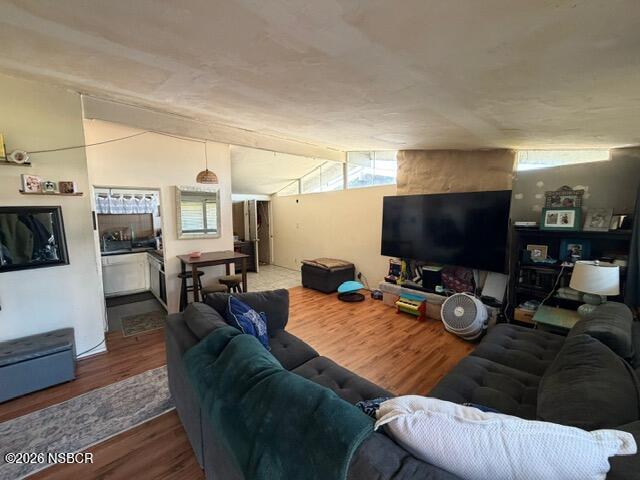 321 North Third Street Lompoc, CA 93436 - Photo 6 of 10 image7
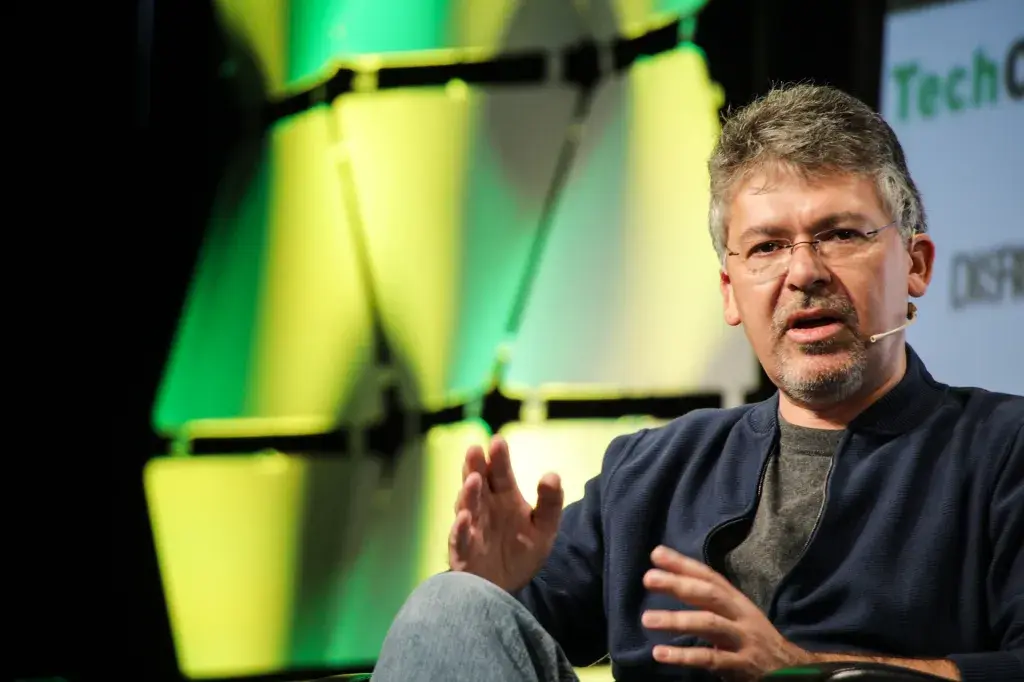 why apple ai lags behind chatgpt john giannandrea
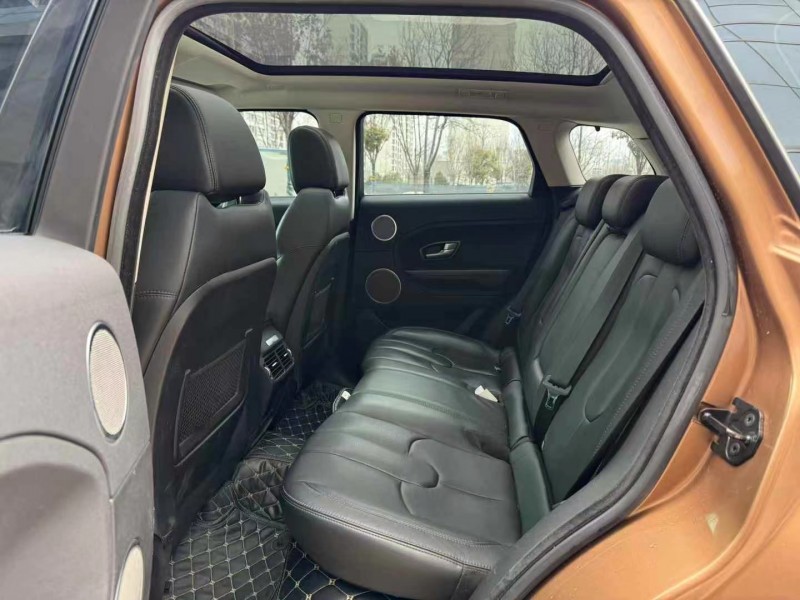 济宁16年路虎极光4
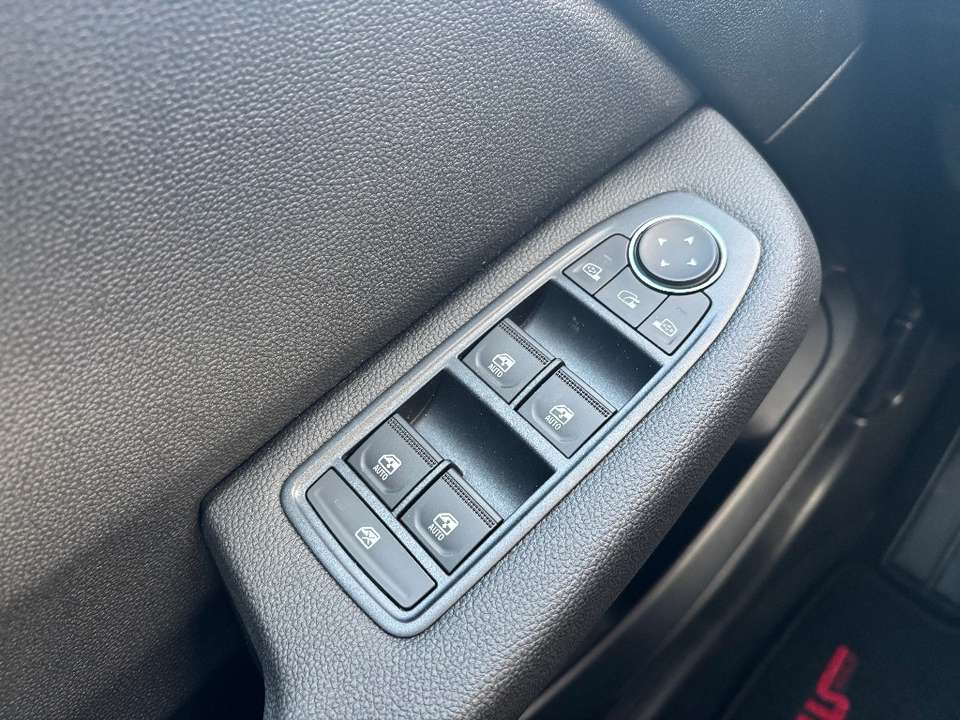 Mitsubishi Colt - Imagem 6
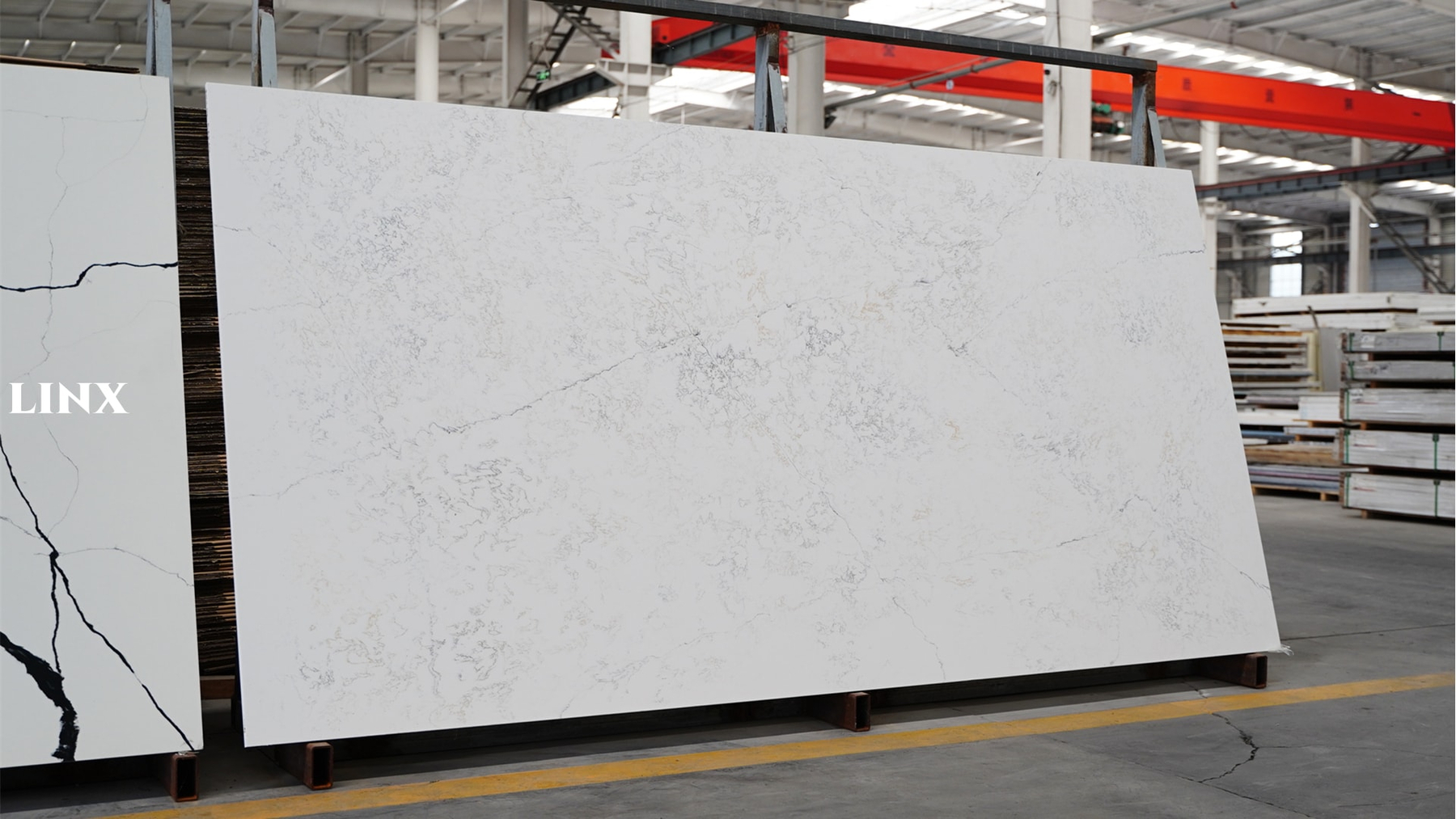 LX6815 CARRARA WHITE QUARTZ STONE 1 LINX SURFACES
-=-=-=-=-
Problem to solve
Write out exactly, and only, the lines from the line holding "why apple ai" through the end of the data, inclusive, without any pictures.

Result below
 why apple ai lags behind chatgpt john giannandrea
 济宁16年路虎极光4
 Mitsubishi Colt - Imagem 6
 LX6815 CARRARA WHITE QUARTZ STONE 1 LINX SURFACES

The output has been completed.